Abstract

ABSTRACT During the last decade, there has been an explosive growth in survey data and deep learning techniques, both of which have enabled great advances for astronomy. The amount of data from various surveys from multiple epochs with a wide range of wavelengths, albeit with varying brightness and quality, is overwhelming, and leveraging information from overlapping observations from different surveys has limitless potential in understanding galaxy formation and evolution.
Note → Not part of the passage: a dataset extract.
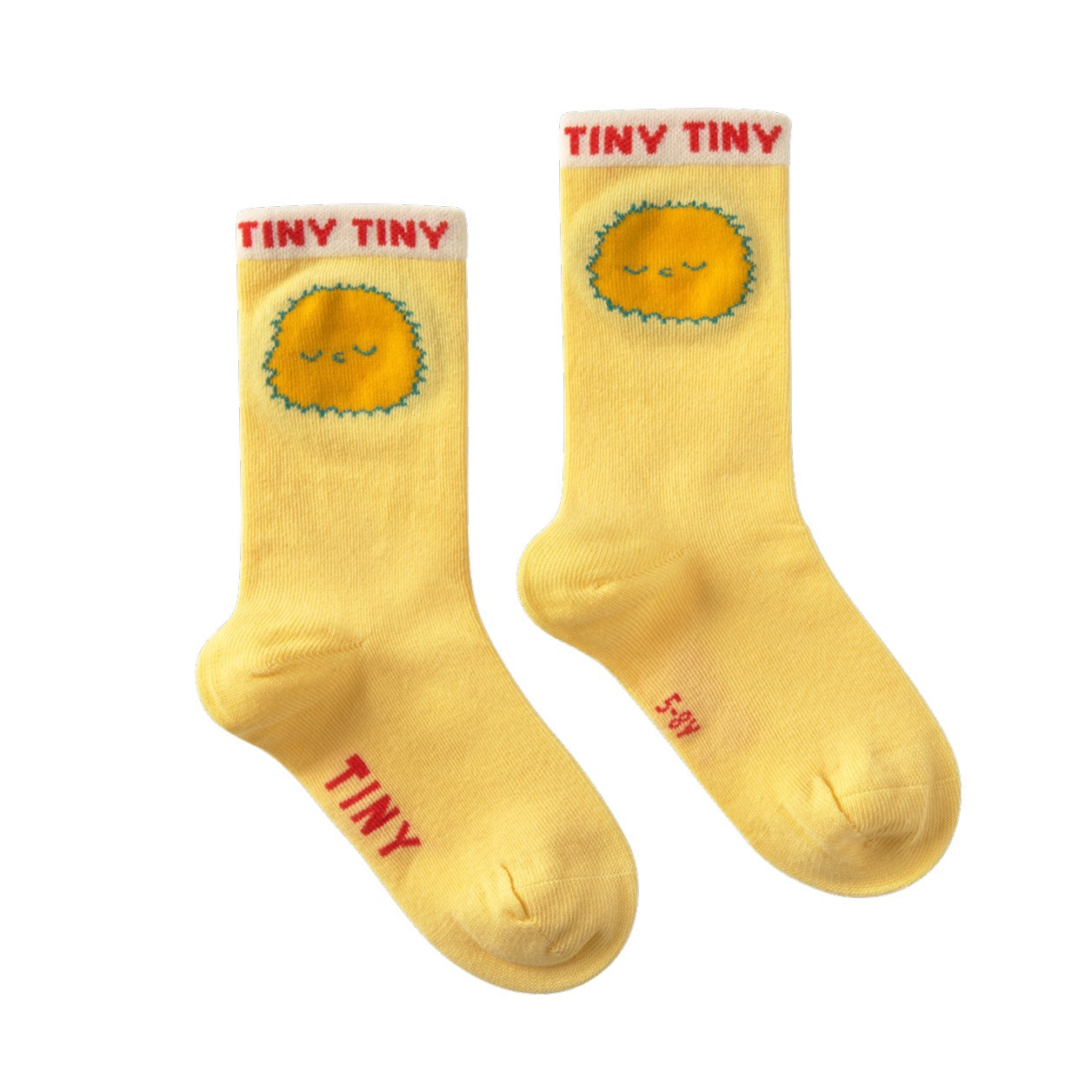 【tinycottons】SUN MEDIUM SOCKS mellow yellow 靴下 12-24m,2-4y  | Coucoubebe/ククベベ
Synthetic galaxy image generation using physical models has been an important tool for survey data analysis, while deep learning generative models show great promise. In this paper, we present a novel approach for robustly expanding and improving survey data through cross survey feature translation. We trained two types of neural networks to map images from the Sloan Digital Sky Survey (SDSS) to corresponding images from the Dark Energy Survey (DES). This map was used to generate false DES representations of SDSS images, increasing the brightness and S/N while retaining important morphological information. We substantiate the robustness of our method by generating DES representations of SDSS images from outside the overlapping region, showing that the brightness and quality are improved even when the source images are of lower quality than the training images. Finally, we highlight images in which the reconstruction process appears to have removed large artefacts from SDSS images. While only an initial application, our method shows promise as a method for robustly expanding and improving the quality of optical survey data and provides a potential avenue for cross-band reconstruction.